Why use itertools.groupby instead of doing it yourself?

Question

from collections import defaultdict
import itertools

items = [(0, 0), (0, 1), (1, 0), (1, 1)]

keyfunc = lambda x: x[0]

# Grouping yourself
item_map = defaultdict(list)
for item in items:
    item_map[keyfunc(item)].append(item)

# Using itertools.groupby
item_map = {}
for key, group in itertools.groupby(items, keyfunc):
    item_map[key] = [i for i in group]

What is so great about itertools.groupby that I should use it instead of doing it myself? Can it perform the grouping in less time complexity? Or, am I missing the point with my use case, and groupby should be used for other cases?

---

Another poster mentioned that itertools.groupby will return a different result if the items to be grouped are not sorted by the key (or rather just that keys are consecutive to one another).

For example, with items = [(0, 0), (1, 1), (0, 2)] , if we don't sort on the key, itertools.groupby returns

{0: [(0, 2)], 1: [(1, 1)]}

Whereas my implementation returns

{0: [(0, 0), (0, 2)], 1: [(1, 1)]}

Unless I'm misunderstanding the point, it would seem that the DIY method is better because it doesn't require the data to be sorted.

Here is the documentation :

Make an iterator that returns consecutive keys and groups from the iterable. The key is a function computing a key value for each element. If not specified or is None, key defaults to an identity function and returns the element unchanged. Generally, the iterable needs to already be sorted on the same key function

Answer 1

Generally the point of using iterators is to avoid keeping an entire data set in memory. In your example, it doesn't matter because:

• The input is already all in memory.
• You're just dumping everything into a dict , so the output is also all in memory.
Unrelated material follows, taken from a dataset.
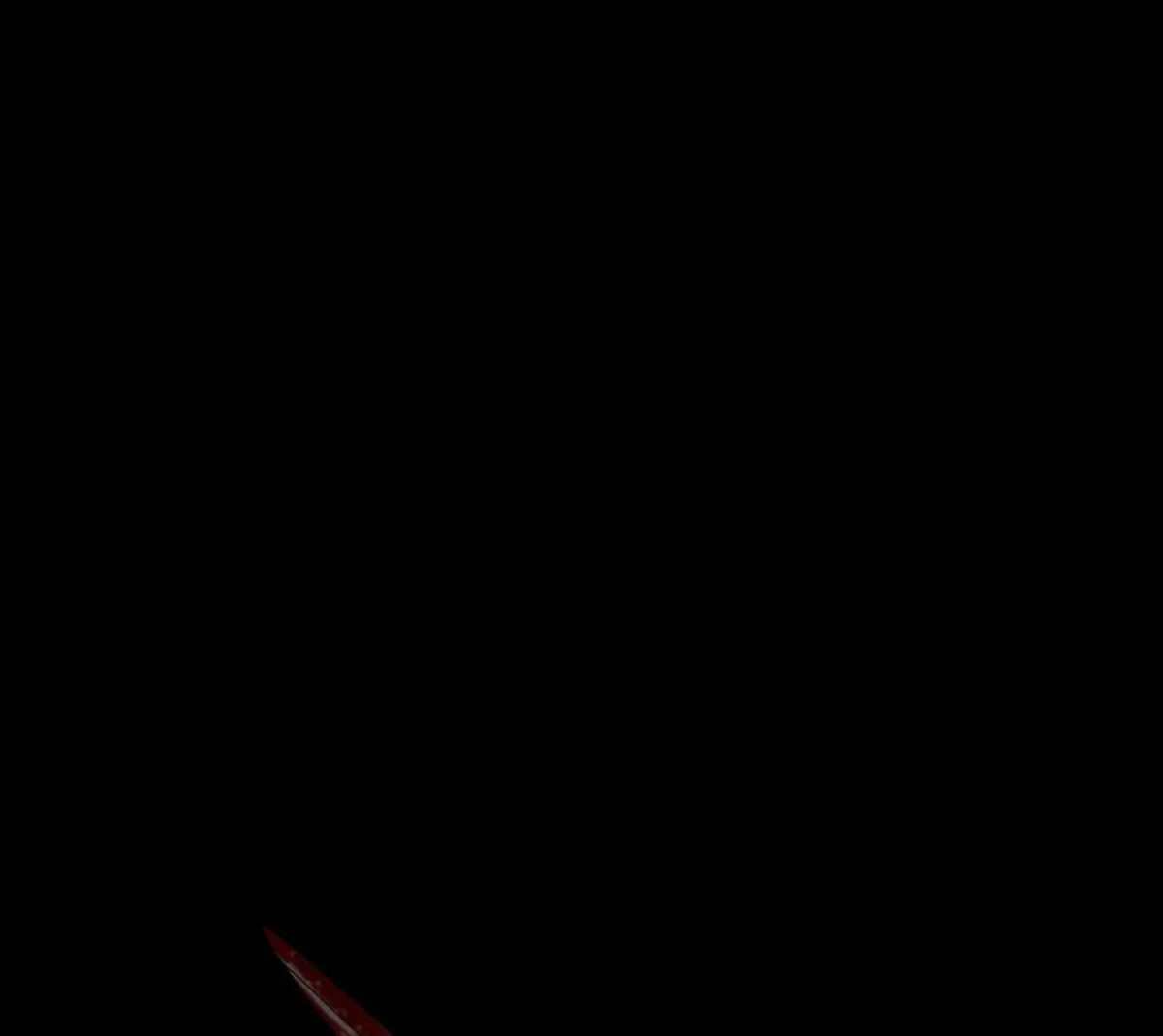 The Hunter's Gonna Lay Low Chapter 53 page 131 - 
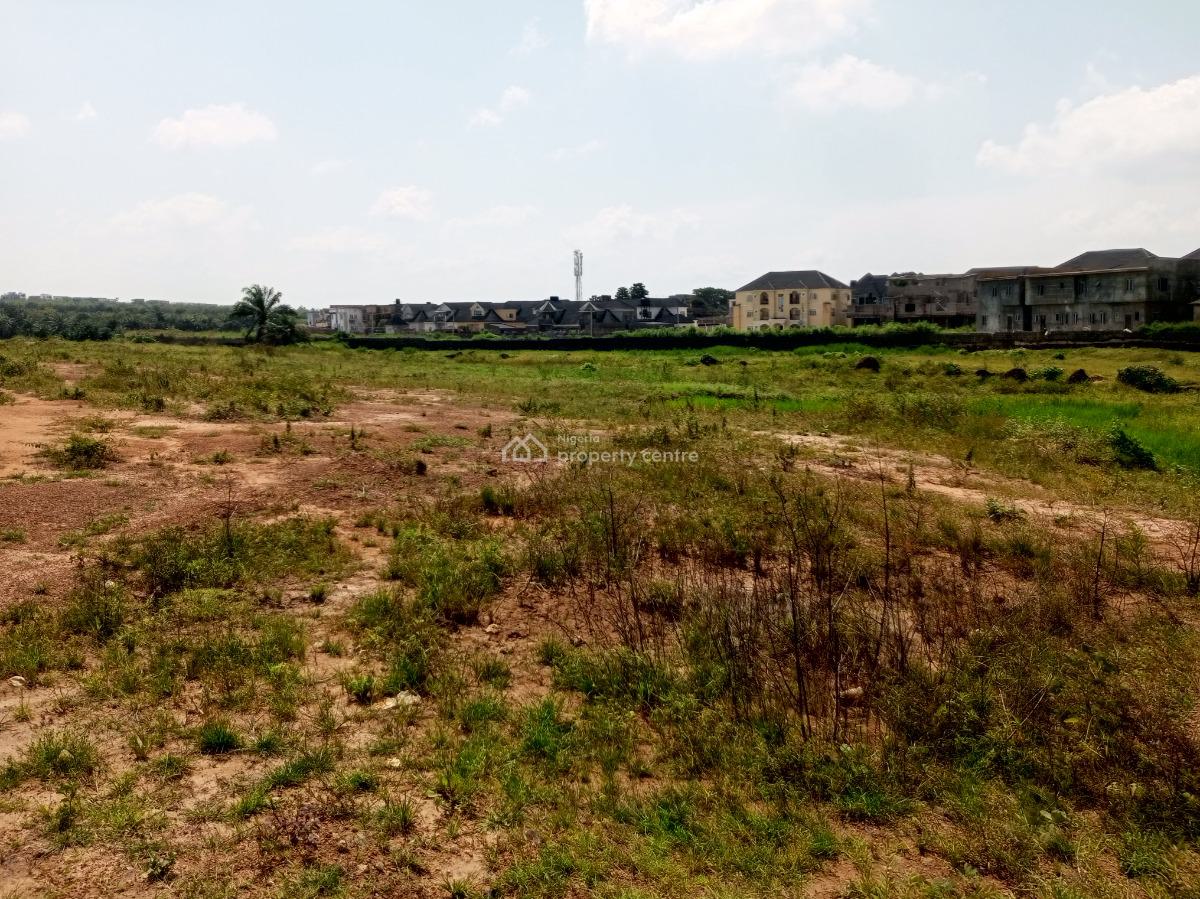 9 Units of 2 Bedroom Blocks of Flat, Idu ( Gousa District Abuja), Idu Industrial, Abuja, Mixed-use Land for Sale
Or, am I missing the point with my use case, and groupby should be used for other cases?

I think that's an accurate assessment.

Suppose items is an iterator (eg let's say it's lines being read from stdin) and the output is something other than an in-memory data structure (eg stdout):

for key, group in itertools.groupby(items, keyfunc):
    print("{}: {}".format(key, str([i for i in group])))

Now it would be less trivial to do that yourself.